Dans un article d’octobre 2023, Anne-Lorraine Bujon et Michaël Fœssel estiment que « l’explosion des inégalités, l’effondrement des services publics (particulièrement dans les zones rurales et périurbaines), la relégation sociale et le fait d’être les perdants de la mondialisation du capitalisme jouent un rôle beaucoup plus important que l’adhésion positive au nationalisme dans le vote en faveur du Rassemblement national ».

Cette analyse est tout aussi transposable aux Outre-mer, car si le facteur invariant du vote RN est avant tout le rejet de la politique d’Emmanuel Macron, les campagnes du Rassemblement national, principalement axées sur l’immigration, l’insécurité et le pouvoir d’achat, résonnent avec une clarté de plus en plus nette aux oreilles d’une population excédée par les situations socioéconomiques extrêmement dégradées de leurs territoires, par l’augmentation des prix de l’alimentation, des carburants ou du logement, et plus largement par les lourdes privations liées à la cherté des produits du quotidien, qui nourrissent un sentiment croissant de déclassement éprouvé par la société française dans son ensemble. La Guyane fait par ailleurs face à un taux d’homicide quatorze fois plus élevé qu’à l’échelle française, quand, à Mayotte, une crise sociale secoue l’île depuis des mois, en réaction notamment à un afflux migratoire continu depuis les Comores et Madagascar. Plutôt que d’envisager une approche globale (diplomatique, économique, sociale – notamment en mettant fin aux droits sociaux minorés, les montants versés au titre du RSA étant par exemple deux fois plus faibles qu’ailleurs en France), le gouvernement a préféré reprendre une proposition de longue date du Rassemblement national, en proposant de mettre fin à toute possibilité d’accéder à la nationalité française autrement que par le droit dit du sang, ce qui constitue une « rupture fondamentale avec les principes de la République ». 

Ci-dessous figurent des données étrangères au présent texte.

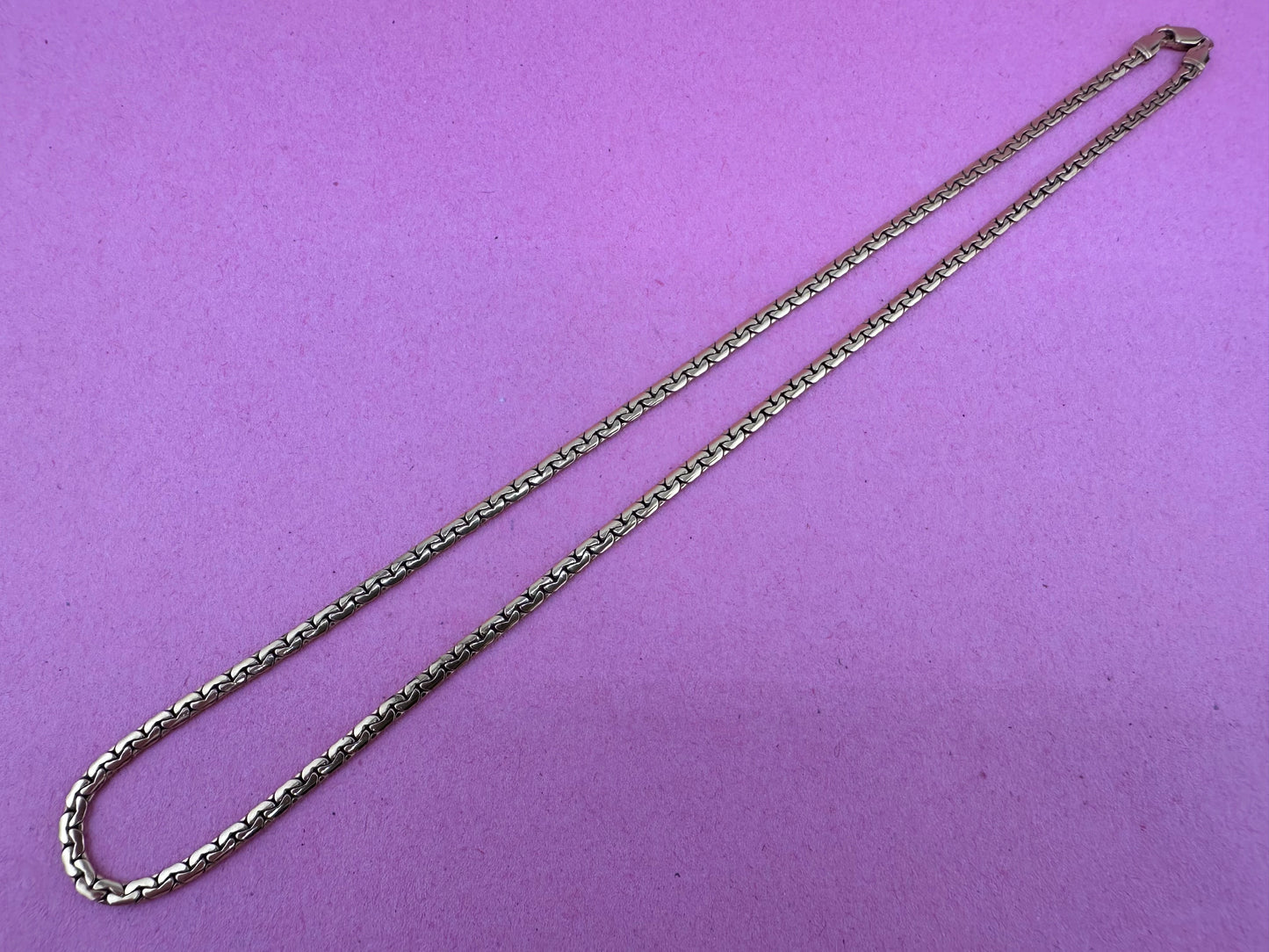 9ct Yellow Gold C Link chain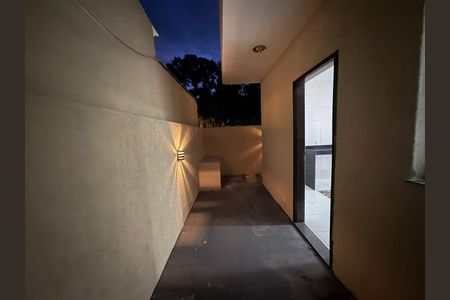 Casa de condomínio para alugar com 180m², 3 quartos e 1 vaga Casa de condomínio para alugar com 180m², 3 quartos e 1 vagaÁrea externa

Sur le plan économique, le Rassemblement national présente le pouvoir d’achat comme sa priorité, alors même que s’agissant du salaire, élément central du pouvoir d’achat, le parti s’est récemment refusé à augmenter le Smic et a, entre autres exemples, remis à plus tard sa proposition de réduction de TVA sur les biens de première nécessité. Cette dernière reculade peut nous amener à nous interroger, dans le cas d’une prise de pouvoir du RN, sur l’avenir de la non-applicabilité de la TVA en Guyane et à Mayotte et sur le maintien de taux réduits de TVA en Guadeloupe, Martinique et à la Réunion, qui concourent à un objectif de baisse des prix pour le consommateur final. 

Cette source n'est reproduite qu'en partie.